As women, we grow up with images of long-legged, well-endowed, perky-breasted Barbie Dolls and super skinny, beautiful Super Models and subconsciously – and consciously – we think that this is the way we SHOULD look – not to mention TV shows like Baywatch and any of the American sitcoms, soaps and dramas (there are too many to mention!). We very early on begin to think about all the things that are ‘wrong’ with the way we look, rather than embracing the way we look and loving ourselves as we are. I have noticed that even my daughter who is a complete tomboy has a totally distorted view of her body and her self-image. She compares herself to other girls in her class and in the school playground and even at the age of 6 she was already saying she was fat or that she had a big belly – which incidentally she didn’t/doesn’t – but it was in comparing herself to the others, that for some reason she aligned herself to the idea of being fat. I have always been very careful about the language I use around as far as body-image is concerned, and have never made a big deal out of it, but it very noticeable that it is from such an early age that we are confronted with images and ideas of what we should look like, rather than images depicting what we do look like and how different and glorious (in our differences) we all are.

Essence of Woman

Essence of Woman

As we get older, these limiting and often destructive self-beliefs stay with us into adulthood. When we grow boobs, get pregnant, grow bigger boobs, get a belly, get a bigger belly, lose the belly, lose the boobs, have more children, develop scars, suffer during hormonal changes, fight our way through menopause, go through depression, end up with a hysterectomy etc all these beliefs shift and change, and not usually for the better (at least not for a while, and often not without help)- they often get worse and leave us without a clue as to who we are or how to feel good about ourselves.

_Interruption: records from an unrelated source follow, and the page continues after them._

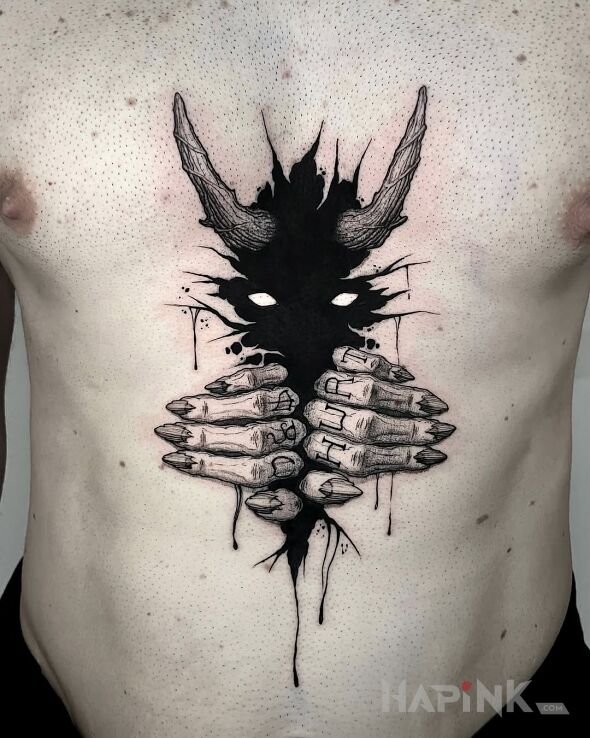Tattoo Devil inside you in demons motif and blackwork / blackout style on the stomach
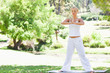 Woman doing yoga exercises outdoors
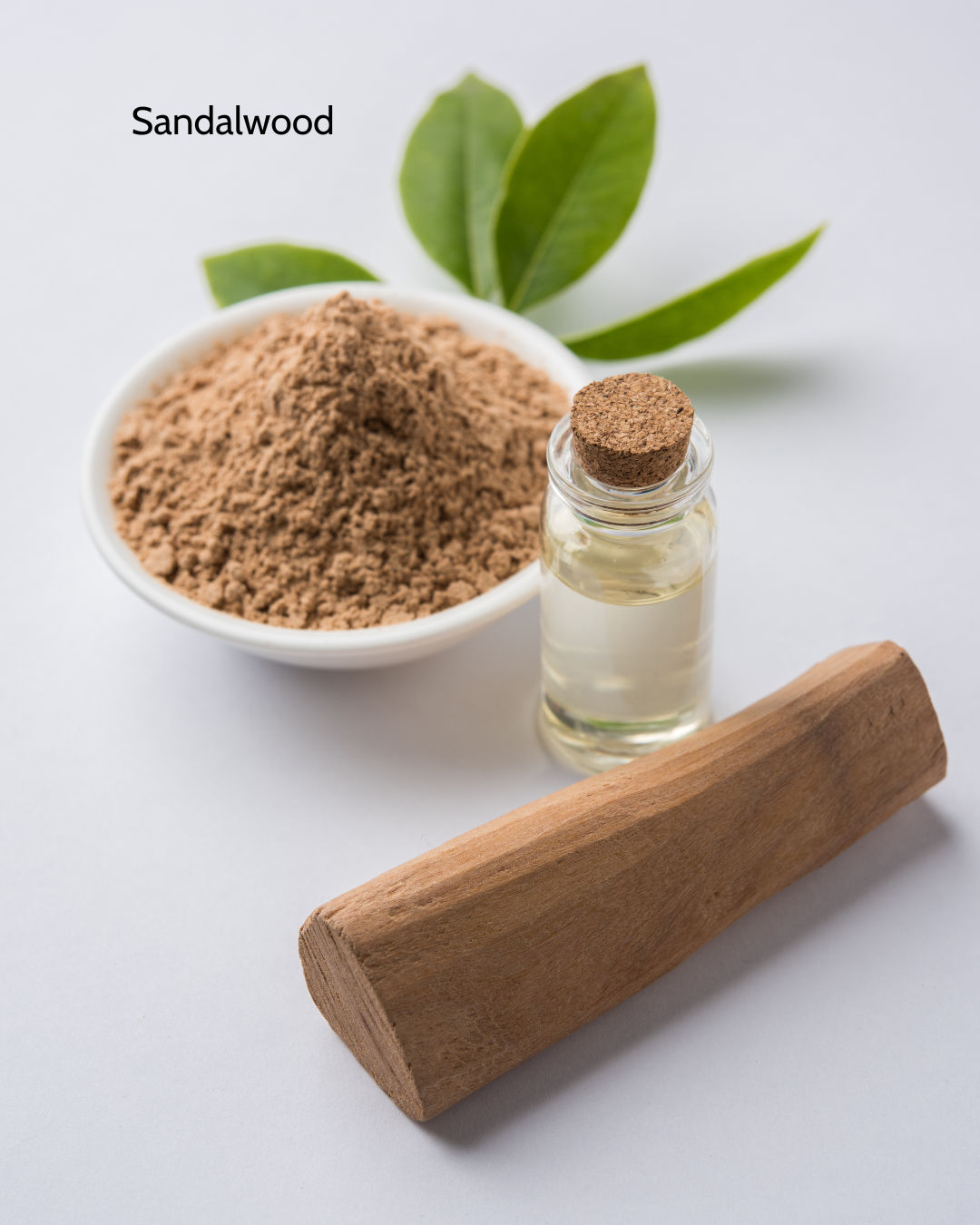sandalwood powder in a small dish next to a dram jar, and apiece of smooth sandalwood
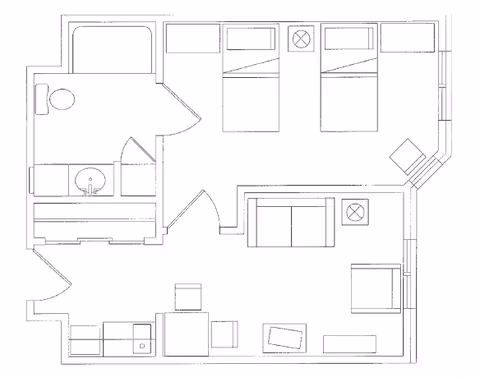 Architectural floor plan showing a living space with two beds, a bathroom with a toilet and sink, a living room area with sofa and chairs, and an entryway with additional seating and a small kitchenette area.
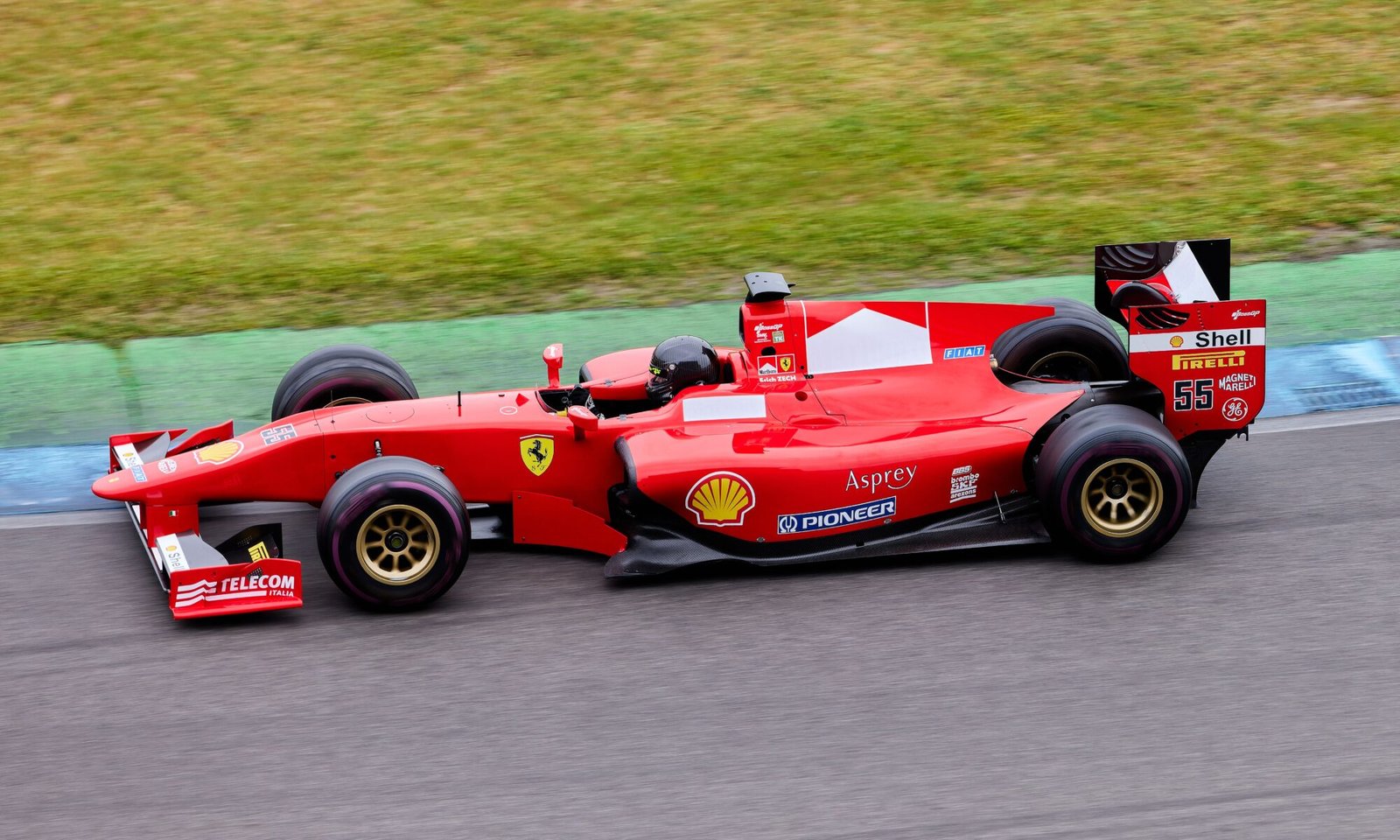 Red Formula 1 car speeding on a race track with motion blur, illustrating McDonald's entry into Formula 1 marketing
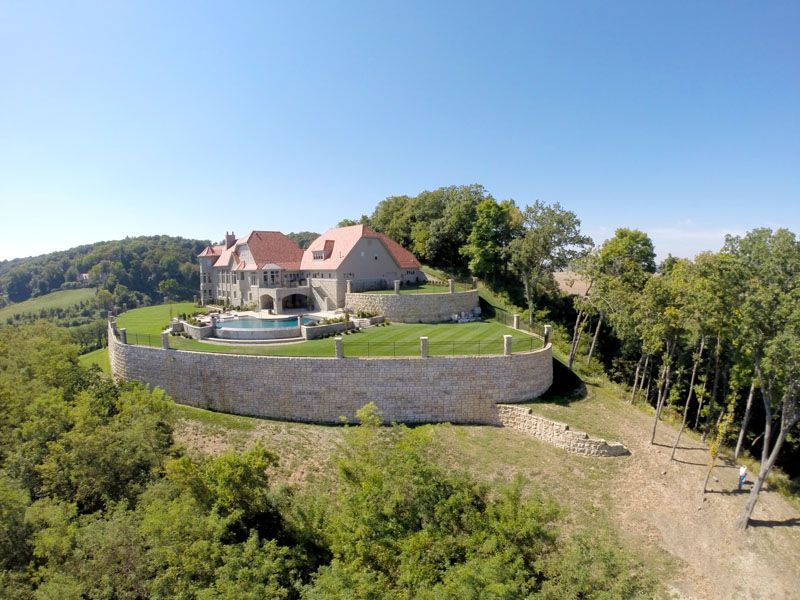 An aerial view of a large house on top of a hill surrounded by trees.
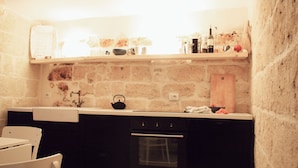 A kitchen with a stone wall, a wooden countertop, a kettle, and a sink. - CASA NAUTILO - A terrace with a Sea (Monopoli)
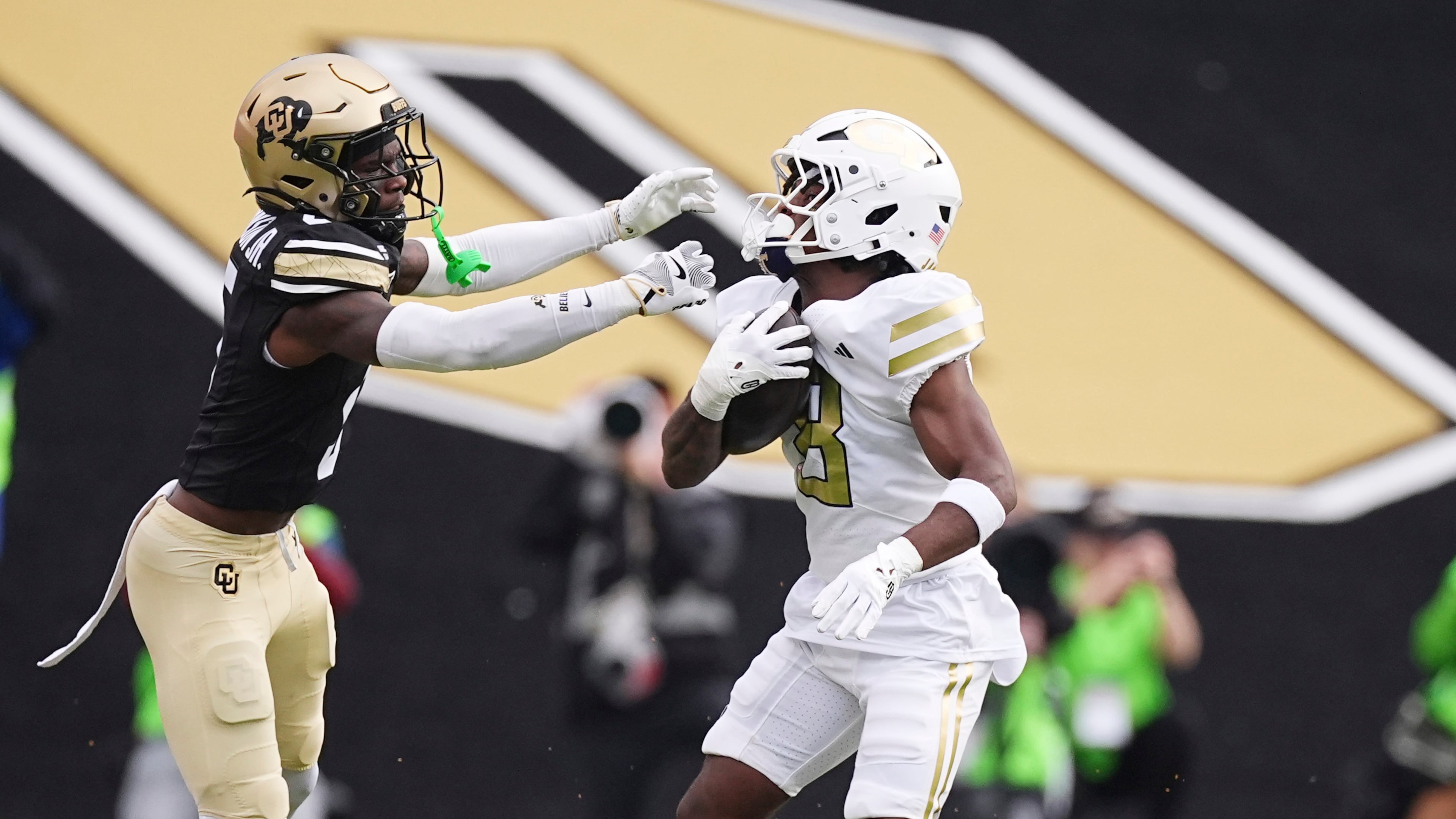 Colorado cornerback RJ Johnson, left, reaches out to stop Georgia Tech wide receiver Malik Rutherford in an NCAA college football game Friday, Aug. 29, 2025, in Boulder, Colo. (David Zalubowski/AP)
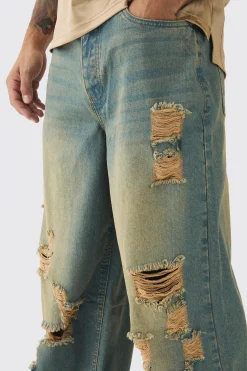 Extreme Baggy Rigid All Over Ripped Jeans | BoohooMAN UK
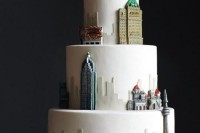 a white wedding cake with sugar detailign that shows off your favorite city – New York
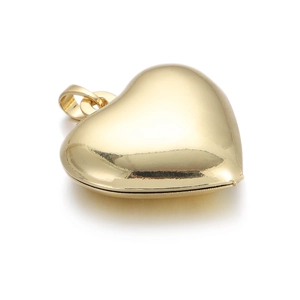 Close-up of heart-shaped 14k gold-plated brass locket with a high-polished mirror finish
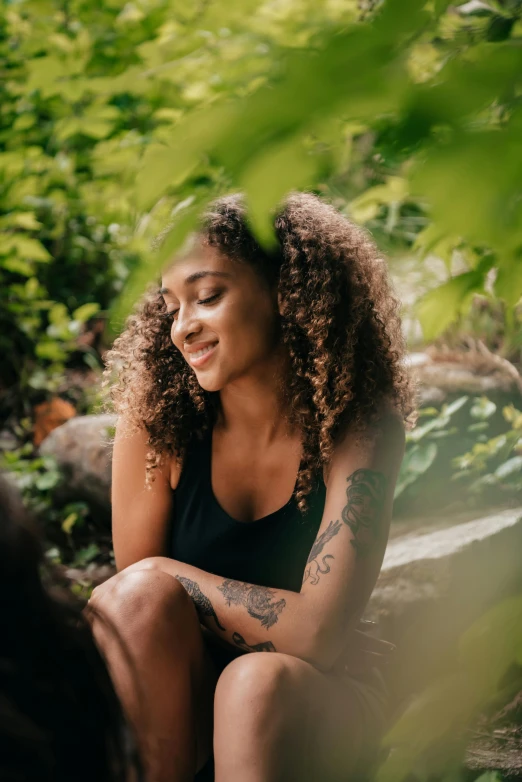 a woman sitting on a rock in the woods, a portrait, pexels contest winner, renaissance, dark short curly hair smiling, ashteroth, with tattoos, lush greens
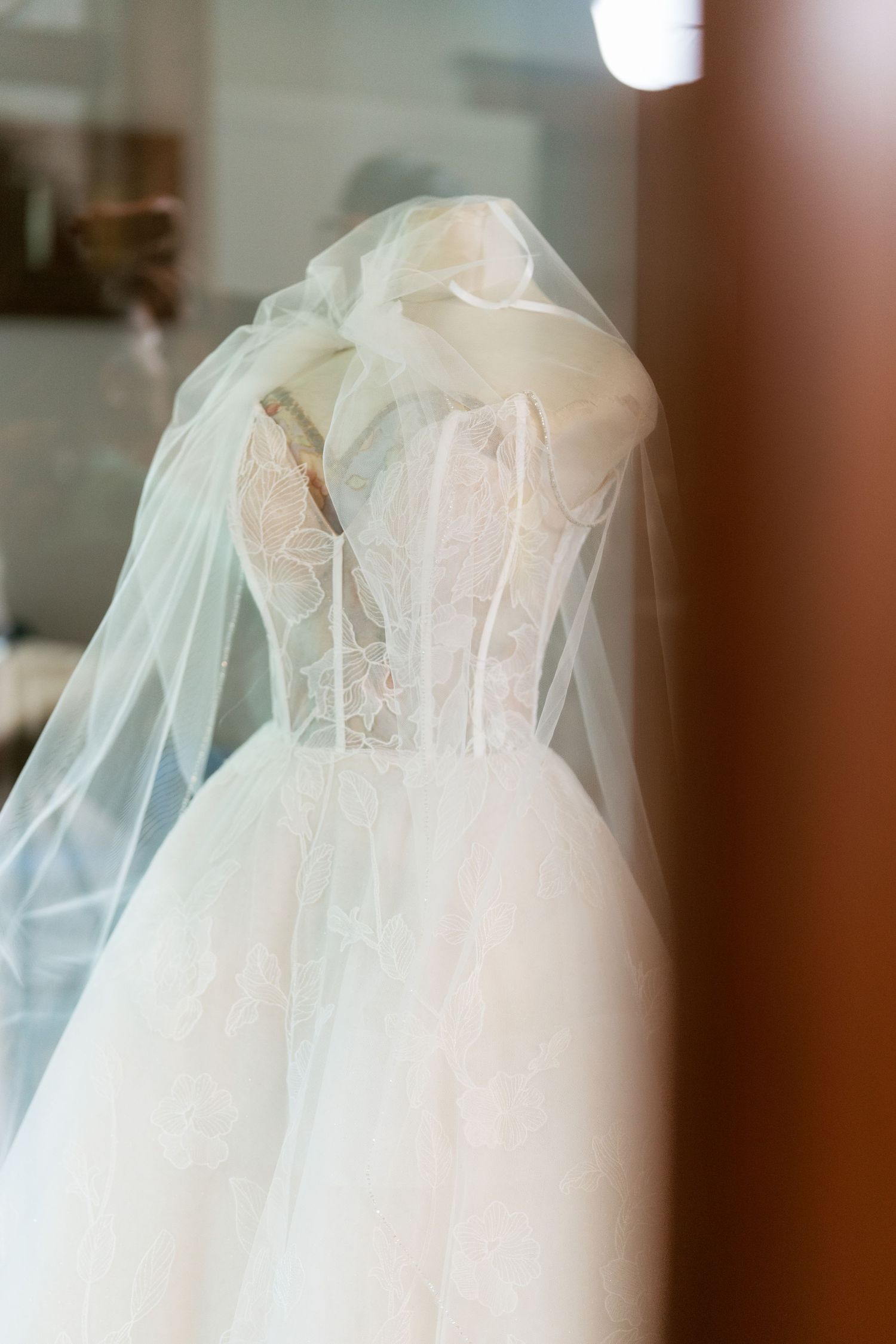 A close-up view of delicate white tulle fabric details on a wedding dress, shown from different angles.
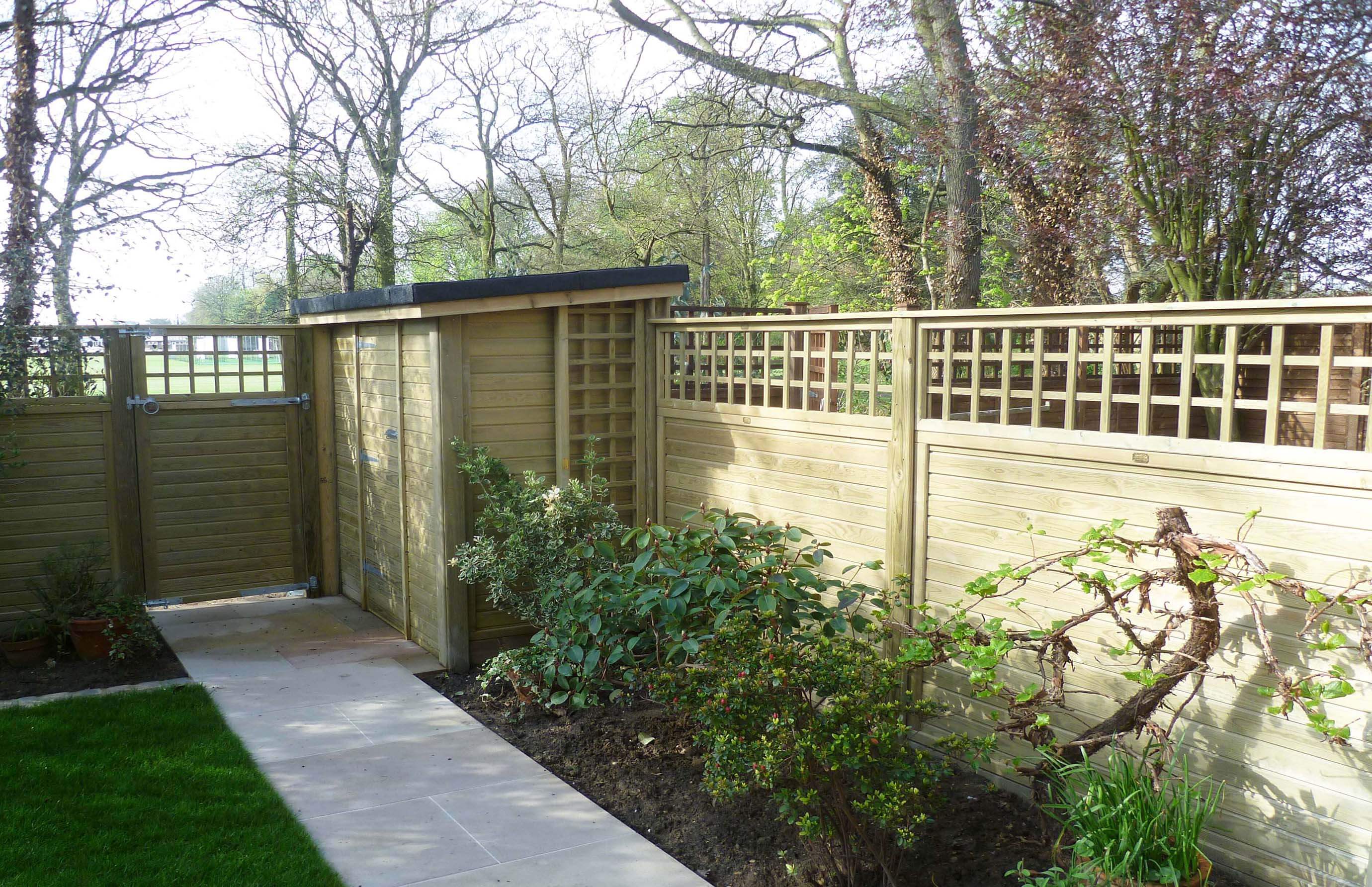 Fence with trellis gate and shed matching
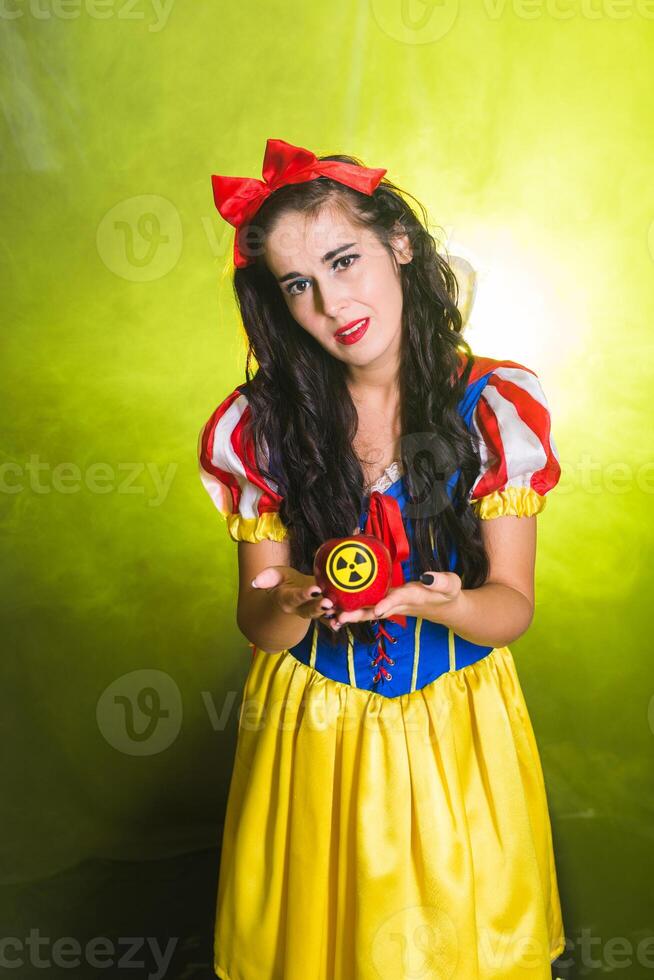 Danger, nuclear and radiation measurement - Sad Girl holds apple with radiation hazard symbol. photo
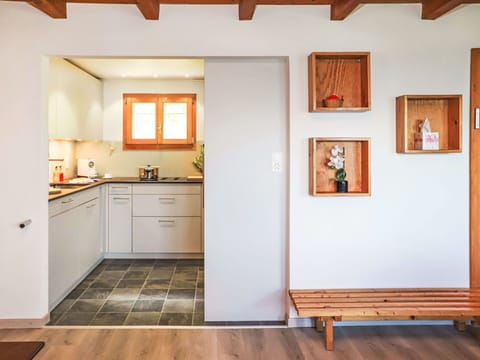 Cabinetry, Property, Countertop, Picture Frame, Wood, Building, Orange, Interior Design, Architecture, Flooring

This is where I hope I come in. The reason why I love photographing women is that through the medium of photography, I hope to be able to not only show women how beautiful they really are – even if they have forgotten – but also show them how other people see them. I can’t count how many times someone’s partner or husband has told me that the woman in their lives is the most beautiful thing on earth and that she just can’t see it herself. It is so difficult to see ourselves objectively. I for one, hate my own smile. I don’t like my teeth, but if ever I mention this, people inevitably say ‘what’s wrong with them?’ – they can’t se what I see – and likewise, I cannot see what they see. We are terribly self-critical, more so, I believe, than most men.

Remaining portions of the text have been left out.